WP1 Discussion (Francine Hughes)

Those involved in the production of the WP1 “Guidelines” document met for a day before the plenary meeting. Francine illustrated examples of the style of document being proposed, and illustrated this with sample pages prepared by the Cartography Unit in Cambridge.

Discussion by the sub-group focused on the structure of the Guidelines document; on the context in which it was presented; and on the details of the content.

Much of the day was spent working in pairs on further contributions to the writing of the content of the document.

Friday 14 March

The meeting began with a welcome to FLOBAR2 members from Tim, and an introduction to the location (Angermunde near the Oder, which was to be the subject of a field visit on Saturday).
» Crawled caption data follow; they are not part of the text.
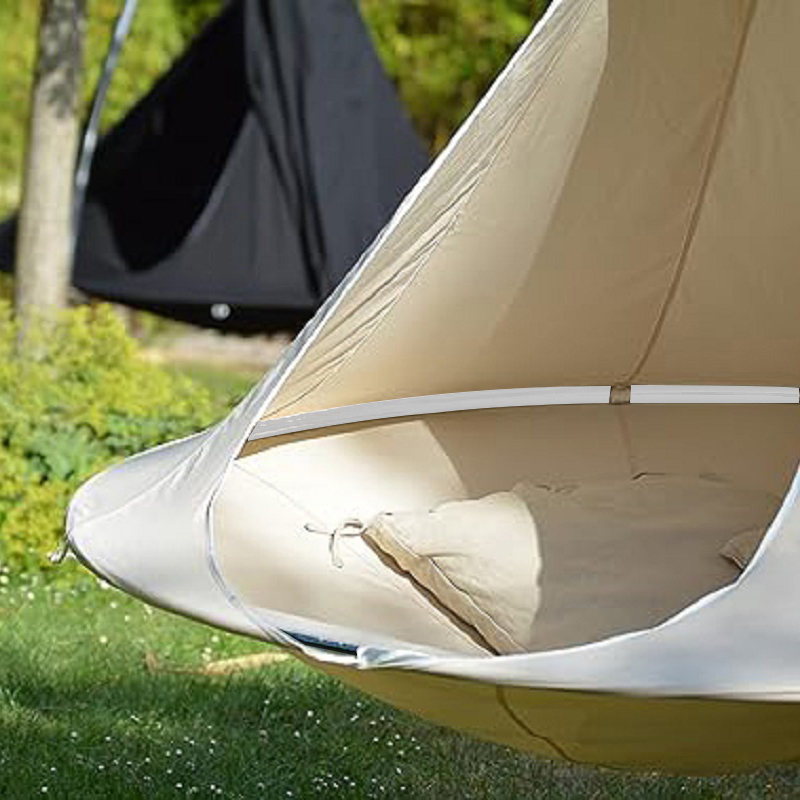 أرجوحة خارجية مقاومة للماء، كر - مراجعة Kids Outdoor Furniture وسعره
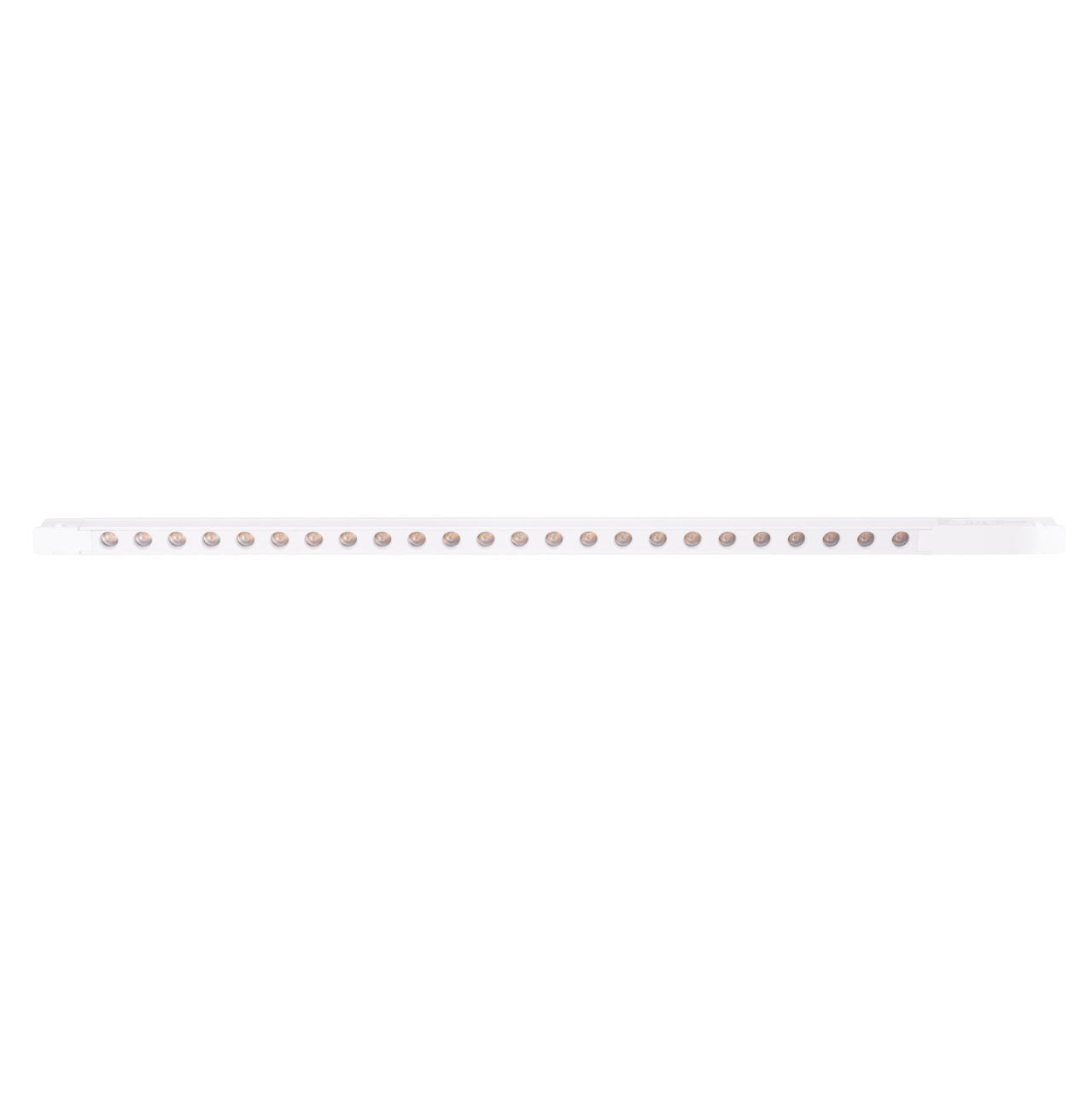 Maxlight M0061Z Magnetic Flat grid 61cm Zigbee [2]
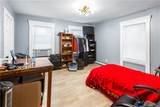 119 Elmwood Avenue - Photo 14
Keith also welcomed everyone, noting that this would be the final opportunity for members of FLOBAR2 to meet as a complete group, since the subject of the discussion would be to summarise the procedures for completing the Final Report; and to provide opportunities to discuss the scientific content of all of the Work Packages.

Reporting – Francine Hughes

It was noted that the Final Report will require an equivalent to the Management Reports produced at every 6-month stage, plus an Annual Report for each Work Package for the last year (up to about four pages for each), plus an overall project Report for each Work Package, and the deliverables.
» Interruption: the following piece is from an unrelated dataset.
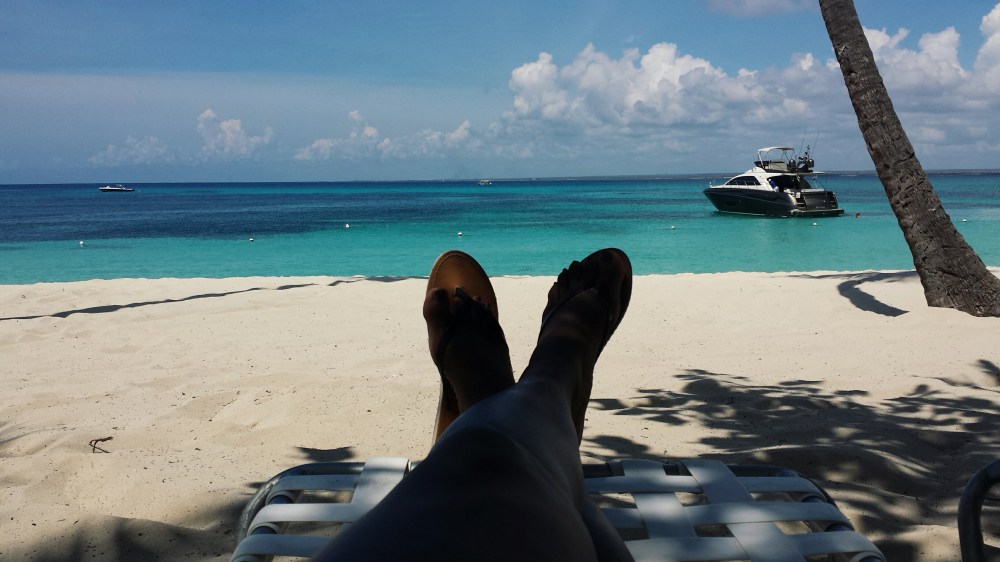 Processed with VSCO with g3 preset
A Final Report thus consists of:

Section 1 – A Management Report (this is a short Report on the last 6 months of the project, of about 10 pages in length in total). the sub-headings of this part of the Report are as in every other 6-month report: Objectives: Scientific/Technical progress by Work Package; Milestones and Deliverables; Deviations from the Work Plan; Co-ordination activities; Management problems.

Section 2 – an Executive Summary for the last 12 months

This is about 2 pages in length and reports Objectives; Scientific Achievements; Socio-economic relevance and policy implications; Conclusions; Keywords; and all project Publications. This will be completed by Keith and Francine.

Section 3 – a Detailed Progress Report by Work Package for the last 12 months

Section 4 – the Technological Implementation Plans

Section 5 – an Executive Summary for the entire project period

Section 6 – Report for each Work Package for the entire project period

Thus is a report of up to 50 pages overall (and therefore will be about 5-6 pages for each WP). It includes the following sections: 6.1 Background; 6.2 Scientific & socio-economic objectives; 6.3 Methodology, scientific achievements, deliverables; 6.4 Socio-economic relevance etc; 6.5 Dissemination and exploitation; 6.6 Main literature produced.

Also required will be the Project deliverables.

A short guide is available at: http://www.cordis.lu/eesd/manage.htm (Guidelines for Reporting, in PDF or WORD document forms).

TIP – Keith Richards

Keith summarised again the structure of the TIP document that forms Section 4 of the Report, noting that the Cambridge and Umea groups had been producing TIPs at each Annual Stage, but that each “result” and “partner” was required to produce a TIP relating to either their outputs or products, or to their dissemination strategies.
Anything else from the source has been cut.